| EXERCISE INPUTS |

Segment Open

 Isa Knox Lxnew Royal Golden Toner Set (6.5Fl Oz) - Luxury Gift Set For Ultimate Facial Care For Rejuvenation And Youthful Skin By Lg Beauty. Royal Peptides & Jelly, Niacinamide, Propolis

Segment Closed
Segment Open

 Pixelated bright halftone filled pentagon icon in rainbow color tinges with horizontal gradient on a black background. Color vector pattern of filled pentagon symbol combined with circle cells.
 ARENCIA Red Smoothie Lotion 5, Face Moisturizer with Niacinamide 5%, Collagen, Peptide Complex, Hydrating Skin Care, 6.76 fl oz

Segment Closed
Segment Open

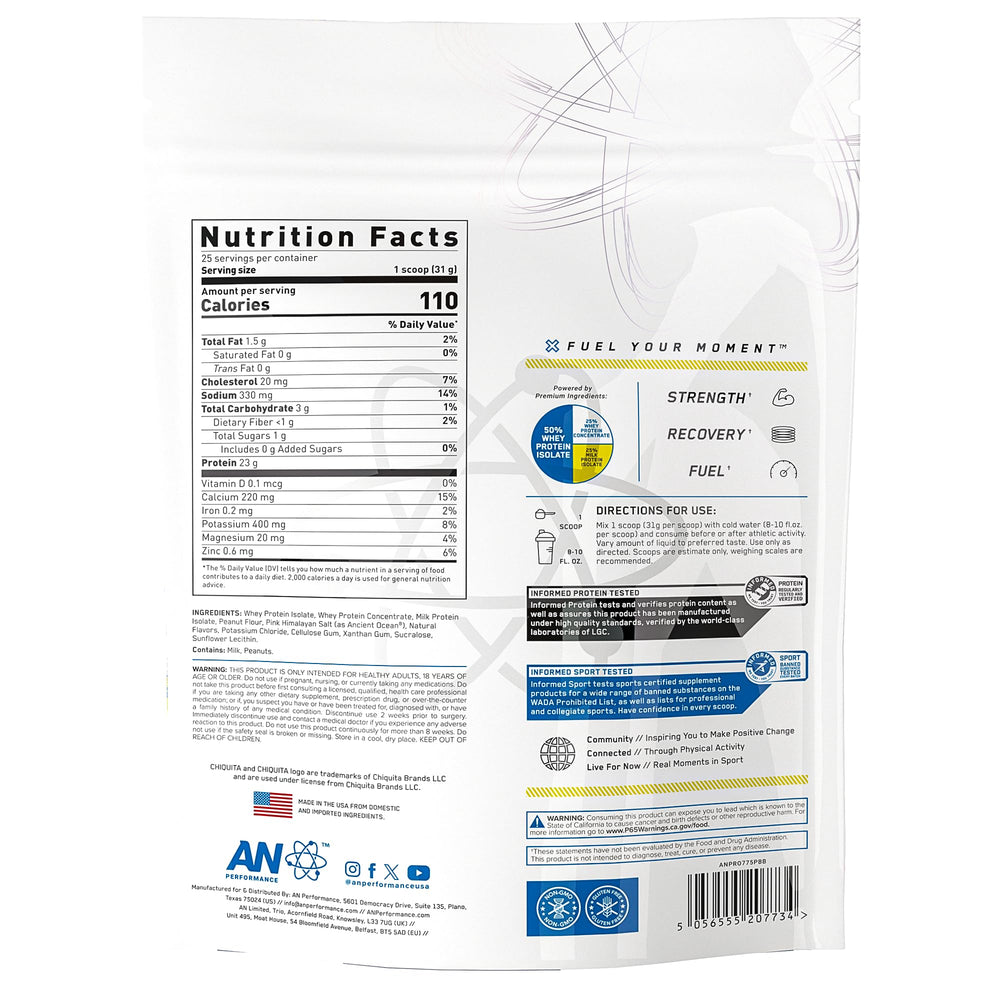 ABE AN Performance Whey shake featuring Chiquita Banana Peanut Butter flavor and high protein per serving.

Segment Closed

| WHAT THE TASK REQUIRES |
Find all lines in the records that hold the word "Care". Copy them.

| TASK OUTPUT |
 Isa Knox Lxnew Royal Golden Toner Set (6.5Fl Oz) - Luxury Gift Set For Ultimate Facial Care For Rejuvenation And Youthful Skin By Lg Beauty. Royal Peptides & Jelly, Niacinamide, Propolis
 ARENCIA Red Smoothie Lotion 5, Face Moisturizer with Niacinamide 5%, Collagen, Peptide Complex, Hydrating Skin Care, 6.76 fl oz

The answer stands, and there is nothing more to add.